- _Exercise description_
Please transcribe only the lines that run from the line bearing "سیم گیتار آکوستیک" to the end of the entries, keeping both end lines. Skip the pictures.

- _Given entries_
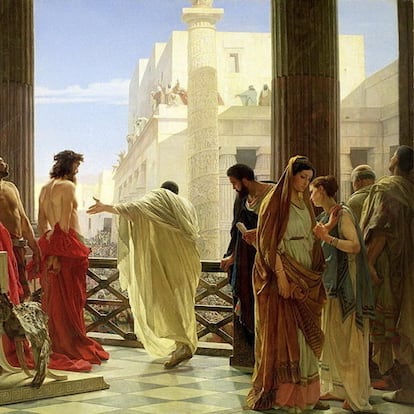 'Ecce Homo', de Antonio Ciseri.
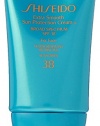 Shiseido Extra Smooth Sun Protection Cream N' Broad Spectrum SPF 38 for Face for Unisex, 2 Ounce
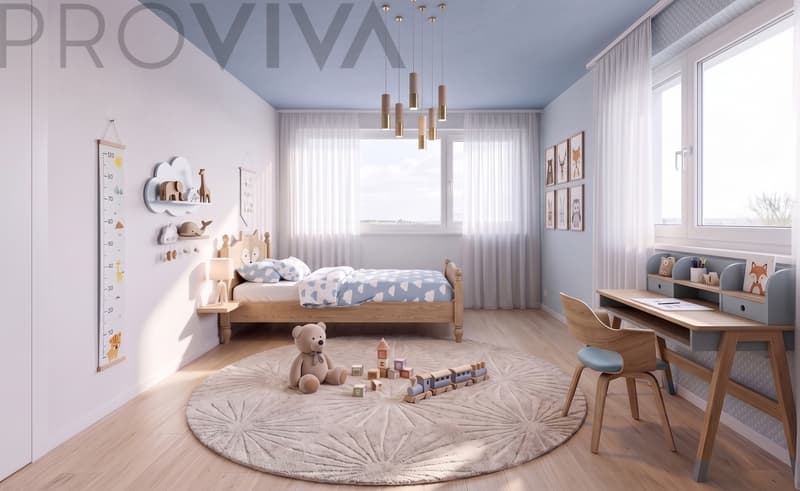 Kinderzimmer / Chambre d'enfant / Children's Room / Camera dei bambini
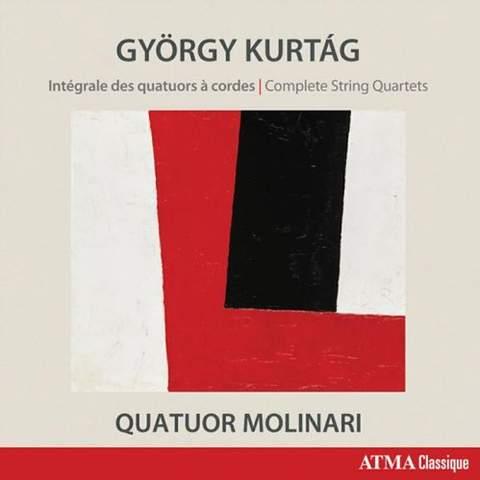 Intégrale des quatuors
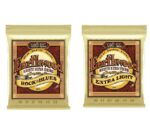 سیم گیتار آکوستیک ارنی بال مدل  (2004-2006-2008) ERNIEBALL earthwood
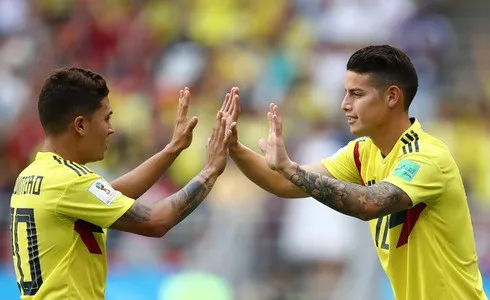 FIFA World Cup™ 2018, ĐT Colombia 1-2 ĐT Nhật Bản: Vì sao mãi tới phút 57 James Rodriguez mới vào sân?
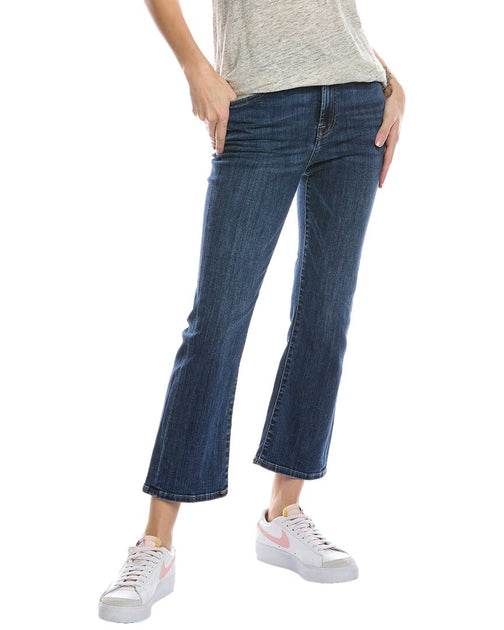 7 For All Mankind Carmelia Slim Kick Jeans Blue 24 2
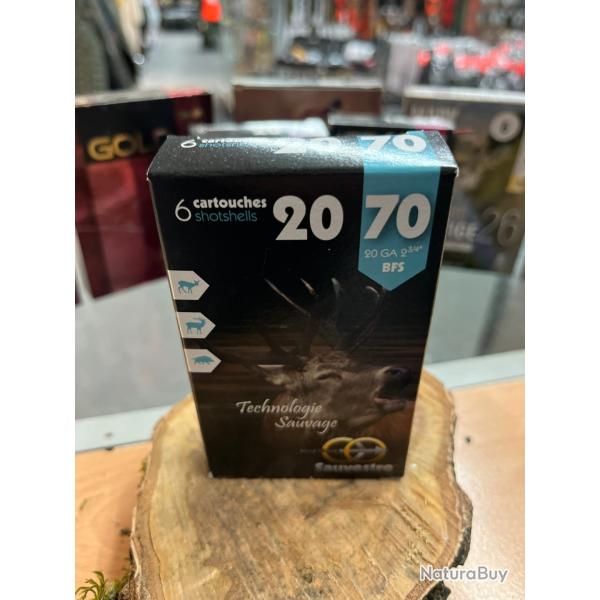 SAUVESTRE BALLE FLECHE 20/70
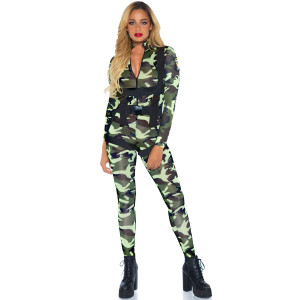 Еротичний костюм парашутиста (десантника) Leg Avenue Pretty Paratrooper M. Photo 3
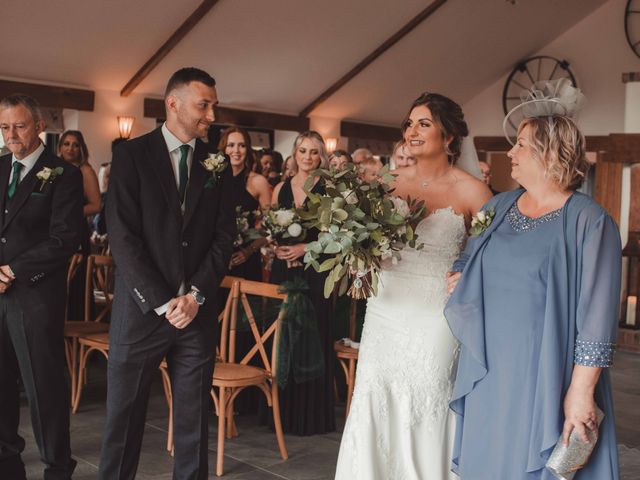 Liam and Celina&apos;s Wedding in Lake District , Cumbria 10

- _The completed task_
 سیم گیتار آکوستیک ارنی بال مدل  (2004-2006-2008) ERNIEBALL earthwood
 FIFA World Cup™ 2018, ĐT Colombia 1-2 ĐT Nhật Bản: Vì sao mãi tới phút 57 James Rodriguez mới vào sân?
 7 For All Mankind Carmelia Slim Kick Jeans Blue 24 2
 SAUVESTRE BALLE FLECHE 20/70
 Еротичний костюм парашутиста (десантника) Leg Avenue Pretty Paratrooper M. Photo 3
 Liam and Celina&apos;s Wedding in Lake District , Cumbria 10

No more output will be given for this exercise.